Kesuksesan Astri memberdayakan ibu rumah tangga di pedesaan terpencil menunjukkan bahwa setiap usaha menghadapi ujian. Hanya mereka yang pantang menyerah yang meraih kesuksesan. Islam mengajarkan bahwa orang sukses bukan yang tidak diuji, melainkan yang sabar dalam menghadapi tantangan.

Kisah Astri juga mengajarkan bahwa membantu orang lain akan mendatangkan balasan baik dari Allah. CV. Agradaya berhasil membangun citra sebagai unit usaha yang peduli pada pemberdayaan perempuan marginal dan mendukung kelestarian lingkungan hidup.

Terobosan Astri adalah ide brilian. Ibu rumah tangga yang sebelumnya tidak produktif kini mampu meningkatkan pendapatan tanpa meninggalkan tugas utama sebagai madrasah pertama bagi anak-anak. Hal ini sejalan dengan syariat Islam yang menempatkan perempuan sebagai penjaga rumah dan lingkungan.

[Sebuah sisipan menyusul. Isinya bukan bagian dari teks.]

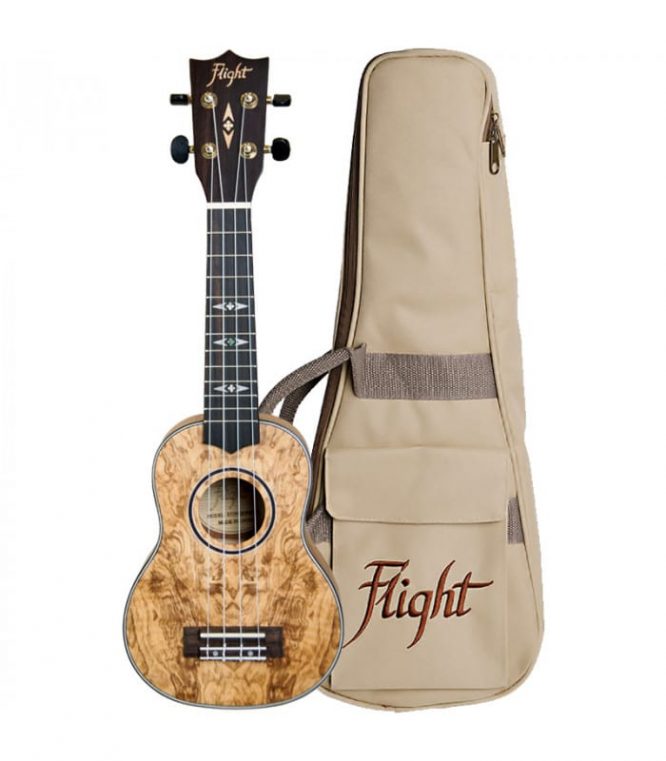 Ukelele Soprano Flight DUS-410QA Supernatural Quilted Ash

Pemilihan budidaya bahan baku jamu juga melestarikan warisan luhur bangsa Indonesia. Jamu telah diakui dunia sebagai kekayaan budaya dengan nilai filosofis tinggi. Mengembangkan jamu di pasar internasional adalah bagian dari menjaga sejarah bangsa.

Dengan demikian, kisah Astri dan komunitas pembudidaya empon-empon membuktikan peran perempuan dalam mengimplementasikan ajaran Islam terkait kelestarian lingkungan untuk pembangunan berkelanjutan.